Die Kommission will das ausweiten, und zwar im Rahmen der anstehenden Reform der Gemeinsamen Agrarpolitik (GAP). Schulze begrüßt das, Klöckner bremst dagegen und fordert eine Folgenabschätzung ein, wie die Bauern wettbewerbsfähig bleiben können. Der Bauernverband klagt, mit Blick auf die "Farm-to-fork"-Pläne: Wir wurden nicht eingebunden. Die EU-Kommission gehe mit ihrer Strategie das Risiko ein, dass die nachhaltige Produktion von Lebensmitteln aus der EU in Drittstaaten abwandert.
Im Prinzip ja - wenn das Geld stimmt
Dabei ist auch vielen Landwirten klar: Mehr Umweltschutz muss sein. Die Frage ist nur, wer die Mehrkosten trägt. Der Landwirt Sebastian Herbst von der Agrargenossenschaft Fläming in Brandenburg zum Beispiel sagt, "jeder Bauer sollte ein grünes Gewissen haben".
Aber: Er müsse auch von seiner Arbeit leben können, und eine Umstellung gehe auch nicht "von heute auf morgen". Wenn die Gesellschaft einstimmig der Meinung sei, dass sich etwas ändern muss, dann müsse sie auch konkrete Vorschläge bringen, wie sich das wirtschaftlich tragen kann.
Kein Dünger auf zehn Prozent der Fläche
Aus der Wissenschaft kommen Forderungen nach einem grundsätzlichen Umsteuern. Der Kieler Agrarprofessor Friedhelm Taube etwa hält die Ziele der EU "für absolut realistisch". Für eine nachhaltige Landwirtschaft der Zukunft kann sich Taube zum Beispiel vorstellen, dass Bauern auf zehn Prozent ihrer Fläche weder düngen noch chemischen Pflanzenschutz einsetzen.

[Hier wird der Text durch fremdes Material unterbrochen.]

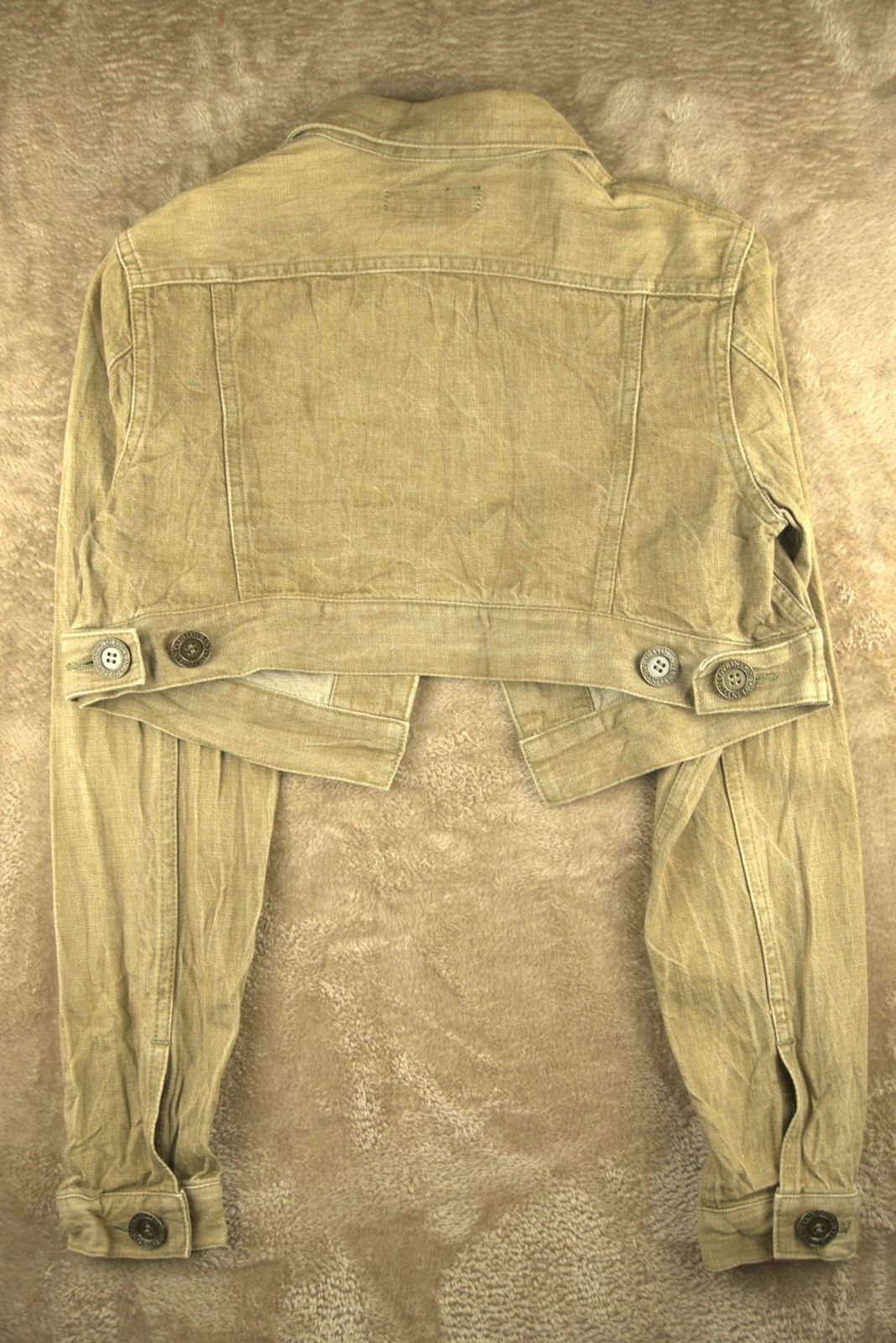Yohji Yamamoto Yohji Yamamoto Cropped Jacket Long Sleeves Y's In Love Rare Size XS / US 0-2 / IT 36-38 - 3 Thumbnail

Ein aktiver Umweltschutz, der den Ertrag zwar mindern würde - aber das könne der Staat ja dann finanziell ausgleichen. So bekäme man "eine wunderbare Biotopvernetzung in der Landwirtschaft" hin. Ähnliche Vorschläge kommen aus dem Bundesumweltministerium.
Öko-Punkte für Umweltleistungen
Der Kieler Agrarwissenschaftler schlägt außerdem vor, dass Landwirte - egal ob sie konventionell wirtschaften oder biologisch - für ökologische Leistung Punkte sammeln können. Sie würden dann auf Basis dieser Punkte bezahlt und nicht dafür, dass sie eine bestimmte Hektar-Größe haben.
Taube ist der Überzeugung, dass das System eher die Fakten abbilden würde und zudem einen "fantastischen Nebeneffekt" hätte: dass "ein guter Landwirt endlich dafür belohnt wird, dass er gut ist."
Ziele für die EU-Ratspräsidentschaft
Taube hofft, dass sich die Bundesregierung in der deutschen EU-Ratspräsidentschaft im zweiten Halbjahr 2020 für mehr Tier- und Umweltschutz in Europa einsetzt - und sich Bundeskanzlerin Angela Merkel eher an der Linie der Umweltministerin orientiert. Der Bauernverband setzt dagegen auf die Landwirtschaftsministerin und darauf, dass erst mal die Neuverteilung des Geldes geregelt und die Gespräche über eine nachhaltigere Landwirtschaft auf danach verschoben werden.
Sowohl Klöckner als auch Schulze warnen vor allzu hohen Erwartungen. Klöckner beschreibt die Rolle der Ratspräsidentschaft als "moderierend", da müsse man die eigene Haltung "herunterdimmen". Schulze gibt zu bedenken, dass wegen der Corona-Pandemie viele Sitzungen virtuell stattfinden müssen - und bei denen könne man eben nicht so einfach in "Zweier- oder Dreier-Paaren rausgehen, um Lösungen zu finden". Ob die Ratspräsidentschaft gelinge, hänge auch von der Pandemie ab.